Sierras Subbéticas Natural Park

Sierras Subbéticas Natural Park
 

Overview
Sierra Subbetica Natural Park covers over 31,000 hectares and is part of the Beticas mountain range that is south-east of the province of Cordoba. It was declared a natural park in 1927 by the Central Board of National Parks after the field visit by geologists gathered in Madrid at the XIV International Geological Congress, which began promoting its study and protection. In 2006 the park was recognized by UNESCO and included in the European Geoparks Network with the name Geopark Subbéticas Sierras together with thirty other protected areas.

Erosion to these limestone mountains has left some stunning formations. The area is also home to some very pretty villages that are full of historic interest. It is also one of southern Spain's largest breeding colonies of griffon vultures.

The park is located north of the Montes de Malaga Natural Park.

Walking
There is a visitor centre located in Cabra. They can provide information about the park and its walks. The park has nine signposted walks. The Vía Verde of the Subbética skirts around the northern and western park of the park. This is a former railway line, which has been converted into a walking and cycling track. The route provides many stunning views of the rugged Sierras Subbéticas.

     

Geology
The geology of the Sierra Subbetica Natural Park consists of limestone formed from sediment deposited from about 200 million to 25 million years ago, in a vast sea that extended southward from the coast of the Iberian Plateau. The limestone has been formed from carbonate mud, the result of the accumulation of marine shells and skeletons at the bottom of the sea. Sediments began to be compressed, distorted, broken and stacked to emerge in a slow process that began 25 million years ago and continues today. Water, snow and wind have subsequently changed the shape the landscape which is rich in fossils especially ammonites.

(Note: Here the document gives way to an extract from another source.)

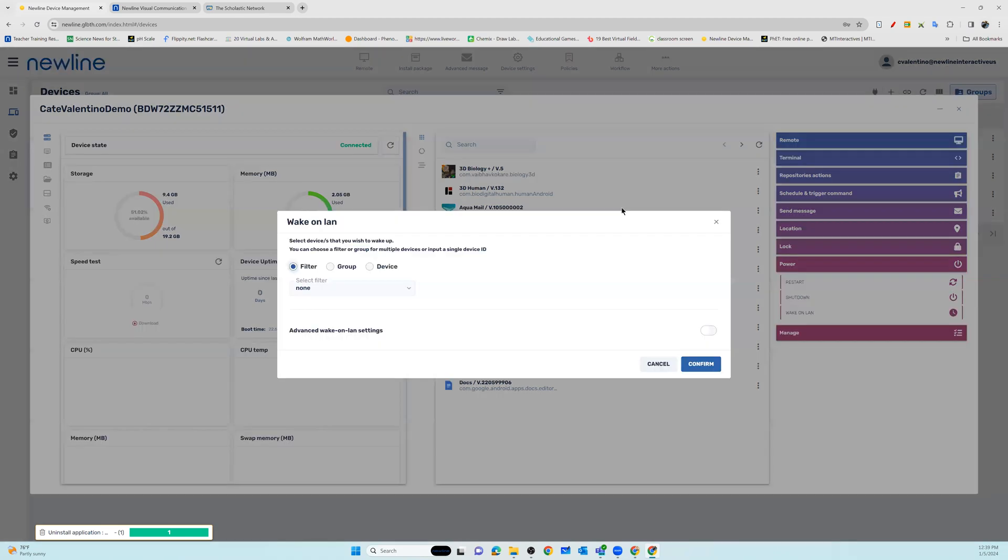This will give you the ability to wake up devices that are broken up by filter, or you can add a single device ID. This single device ID is located in the top left corner of the panel's information.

This group of marine molluscs are extinct relatives of today's cephalopods, are of great interest in palaeontology. They were distributed widely in the seas around the world during the Jurassic and Cretaceous and evolved very rapidly resulting in a vast number of species similar in overall design but different in detail. The park is recognized worldwide as one of the most important to study the evolution of this group of fossils.

Sightseeing
There are over a dozen towns and villages within the park, many of which are worth visiting. Cabra where San Juan Bautista church is said to be one of the oldest in Spain and Rute has a ruined Moorish castle and a fascinating Baroque church. Iznájar is a particularly pretty whitewashed village on the banks of a vast reservoir of the same name.

The hermitage Ermita de la Virgen in the Sierra de Cabra, is not far from Cabra. It is perched on rocky outcrop and provides stunning panoramic views of Sierra Morena and Guadalquivir river valley.

Animals/Birds
The park has one of the largest colonies of griffin vultures in Southern Spain as well Andalucia's largest population of the peregrine falcon, a bird that is the park's symbol. Other birds of prey include Bonelli's eagles, short-toed eagles and black kites. Golden Eagles can also been seen here occasionally. Wild boar, mountain goat and Cabrera shrew are just some of the mammals that inhabit the area.

Plants
Over 1200 plant species are listed in the Sierra Subbetica Natural Park with about 30 endemic species, some of which are threatened with extinction. The predominant vegetation is Mediterranean scrubland, with holm oak woods, peonies and gorses, hawthorn, spurge flax, Centaurea castellana and gall oaks. The river banks are home to poplars, willows, salt cedars amongst others.